A tool for processing Anki spaced repetition review logs using Protocol Buffers and Parquet files.
This project provides utilities to:
- Convert Anki review logs from Protocol Buffer format to Parquet files
- Upload/download datasets to/from Hugging Face Hub
- Show example of how to use the dataset
The converted dataset is available on Hugging Face Hub: Anki Revlogs 10K
Required dependencies:
pandas
pyarrow
protobuf
huggingface_hub
tqdm
Use the build_parquet.py script to convert Protocol Buffer files to Parquet format:
python build_parquet.py
To download the processed dataset:
python download_from_hf.py
To analyze data for a specific user:
python process_dataset.py
- Raw review logs are read from .revlog files (Protocol Buffer format)

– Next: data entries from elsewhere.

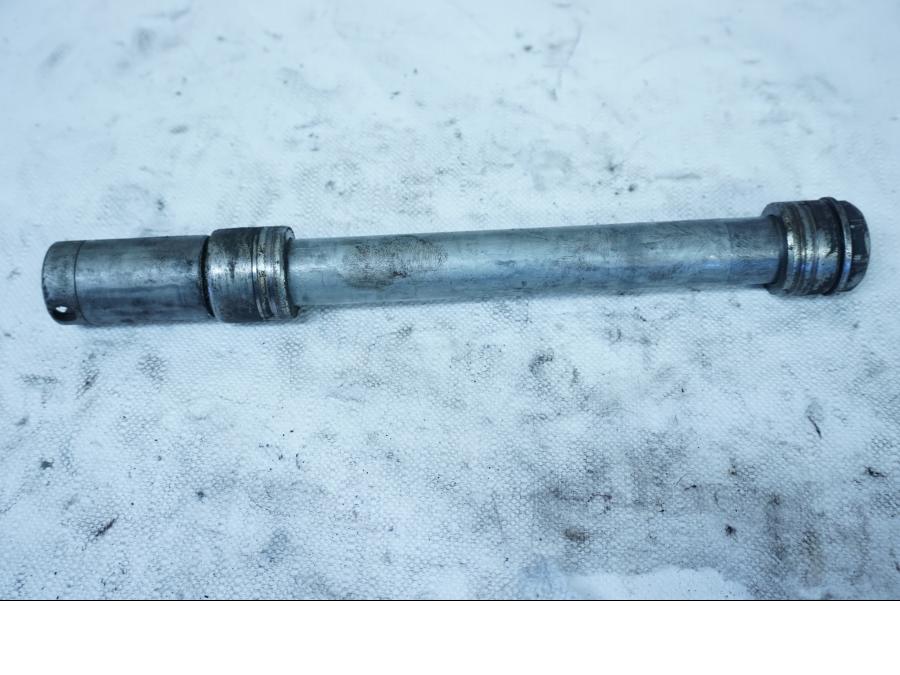 Framsidan på Axel från en Honda VFR 750 -1992 motorcykel.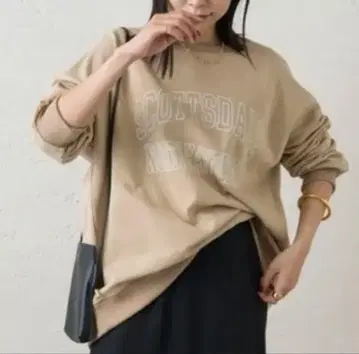 새상품급 SCOTTSEALD 맨투맨 베이지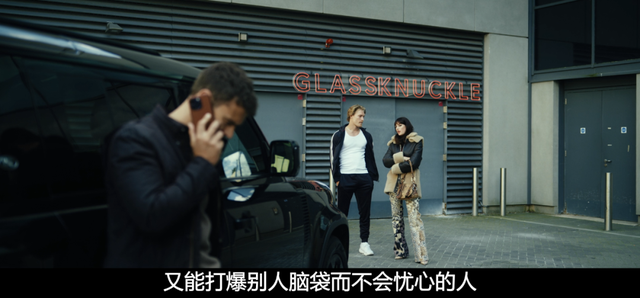 拍西装暴徒，还得看这位「鬼才」导演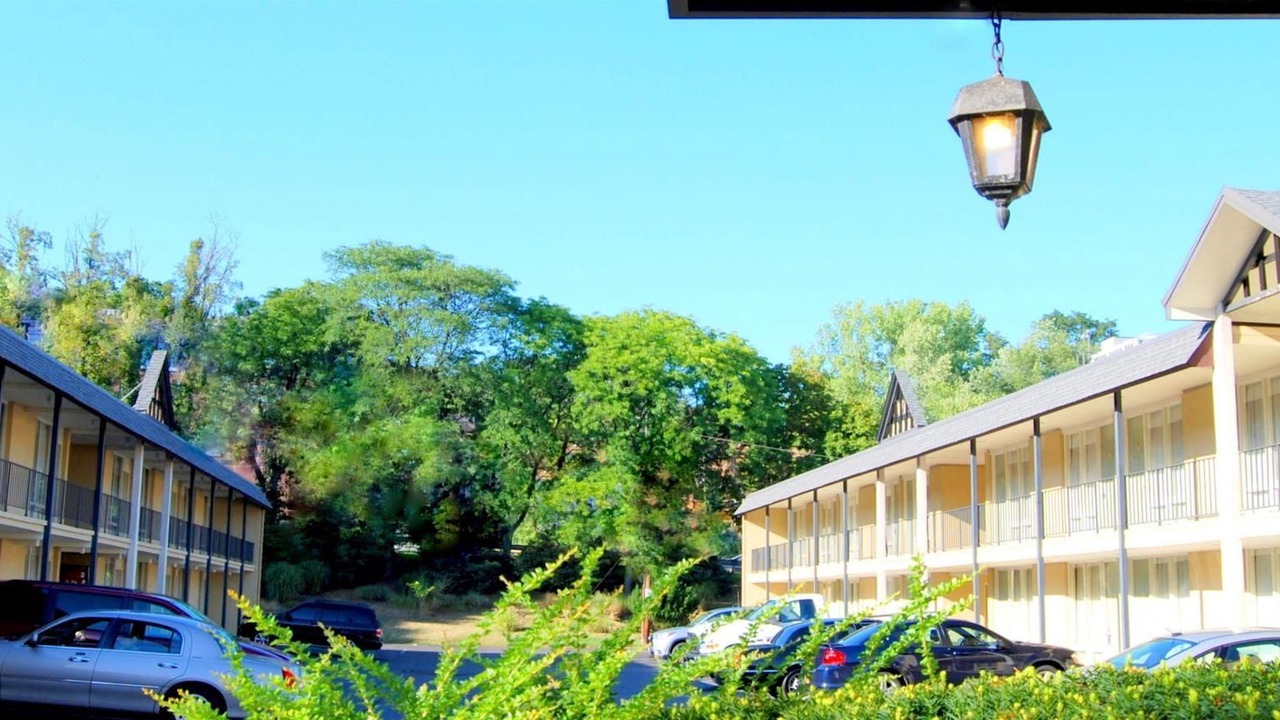 Photo of Others in Nyack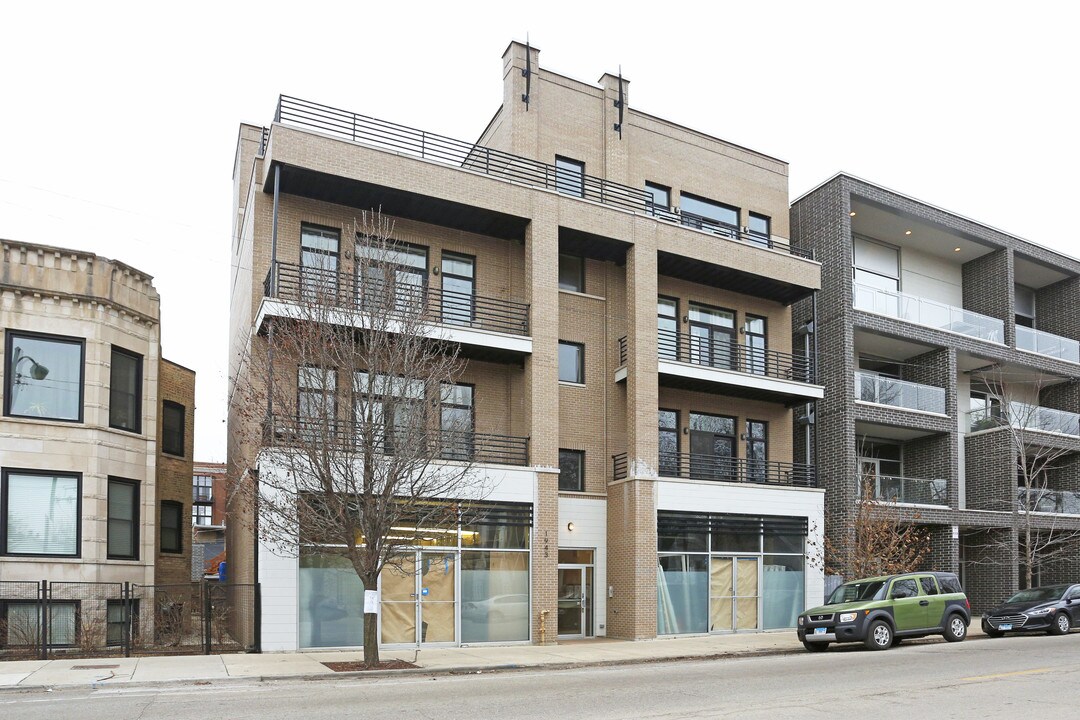 1935-1943 N California Ave in Chicago, IL - Building Photo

- Data is processed and transformed using pandas DataFrames
- Results are saved as Parquet files partitioned by user_id
- Upload to Hugging Face Hub for sharing
.
├── README.md
├── build_parquet.py # Main conversion script
├── stats.proto # Protocol Buffer definition
├── download_from_hf.py # Dataset download utility
├── upload_to_hf.py # Dataset upload utility
└── process_dataset.py # Individual data processing
GNU AGPL, version 3 or later